Georgia Connections AcademyGeorgia Cyber Academy and Graduation Achievement Charter High School were among low-performing state-authorized charter schools called in for performance reviews by the State Charter Schools Commission last year and told to improve or risk loss of their operating charters.

With the expectation the commission would not approve its renewal, Graduation Achievement withdrew its application and plans to close in June. The closing affects about 2,000 students.

Proponents of Graduation Achievement Charter High School contend the state used unrealistic benchmarks in setting performance goals for its at-risk population, but the deputy director of the State Charter Schools Commission disputed that contention in a guest column here two weeks ago.

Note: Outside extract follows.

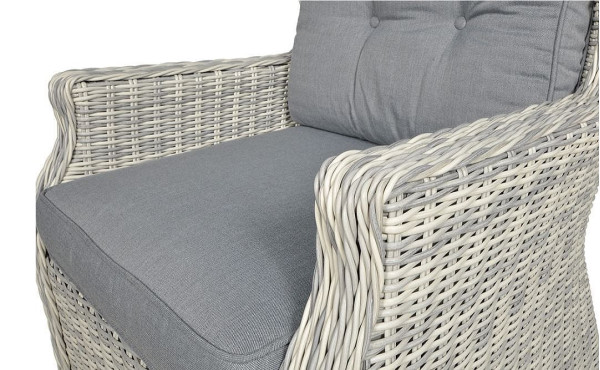 Комплект садових меблів Focus Garden Trivento 3 White Grey-5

“The promise of raising student achievement in return for additional freedom is known as the ‘charter bargain,’” wrote Gregg Stevens. “In accordance with our mission, the State Charter Schools Commission maintains high expectations for our schools because they exist to serve students – all students -- as schools of choice. A failing school of choice is not a real choice for Georgia’s students.”

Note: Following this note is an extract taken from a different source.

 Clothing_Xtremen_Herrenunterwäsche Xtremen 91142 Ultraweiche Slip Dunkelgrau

But McCamy counters the failing label considers overall test scores and ignores the students who aren’t failing and the parents who value the school.

This is an interesting argument, and one increasingly surfacing in the national charter school debate. How much should states consider parental satisfaction in deciding the fate of charter schools that overall post dismal academic performance?

With that background, here is McCamy’s column:

By Beth McCamy

Here is what is so extremely frustrating about the "accountability" discussion about charter schools: Too many people assume that if a school is deemed by the state to be "failing" then all of its students must be failing.

(See the recent Get Schooled blog, "Failing school of choice is not a real choice.")

But that’s not true. And I know. I’m a parent of two successful students enrolled in a public virtual charter school. My children are doing great in this school. We love it. It’s an excellent choice and important part of our lives. The problem? The state has characterized it as “failing” based solely on summative state standardized test score results, putting my children’s school – and my choice – at risk of closure.

How does this happen? Well, it basically comes down to trust. Too many people in power trust standardized tests scores and not parents or teachers. They believe test scores – not of individual students, but of the aggregate – should drive decision-making on what is best for every kid.

Parents’ views? Teachers’ views? Those are secondary, if they even matter at all. In their belief, if the school’s overall grade is low, then every student must be failing, and no student should be allowed to attend that school, regardless of the wishes of the parents or needs of children.

In his op-ed in this space earlier this month, Gregg Stevens, chair of the State Charter Schools Commission, said as much in defending the closure of Graduation Achievement High School, a virtual school that served 2,100 at-risk students and had successfully graduated over 900 students. Mr. Stevens said, "It is inexcusable to allow a student to languish a failing school for years."

But what about students who were succeeding in that school? Why do they get punished?

Of course, nobody wants students to languish in schools that aren’t working for them, but that’s the reason Georgia created charter schools. It’s the whole point of school choice. Parents, not bureaucrats, can freely make decision to leave a charter school if they believe it is not working for them.

Closing public schools of choice comes with severe repercussions for families, but that doesn’t seem to matter much to the commission. While Mr. Stevens acknowledges that “it is never ideal to disrupt a student’s education environment,” he never grapples with the real-world consequences.

Where do these kids go? What are their alternatives? For some students, it may be their only option, but those questions don’t concern the commission.

It’s as if Mr. Stevens and the State Charter Schools Commission – a body, ironically, created by the Georgia Legislature to protect and promote parent choice – are okay overruling parent choice and forcing kids back into schools they fled (or, in the case for many Graduation Academy kids, relegating them to dropouts.)

My children are succeeding in a virtual school that is at risk for closure. Hundreds were succeeding in the now-closed Graduation Achievement Charter High School. Many more were succeeding in Georgia Connections Academy before the commission forced the elementary school to close.

Something crazy happened after so many parents like me voted for Amendment 1 in 2012 – a proposal that protected charter schools and gave legal status to the State Charter Schools Commission. Many others poured the time and treasure to get it passed on behalf of parent choice. But something crazy happened in the six years after passage -- charter school leaders fell in love with bureaucrat choice and lost the faith in parent choice.

That’s not “accountability.” It’s elitism.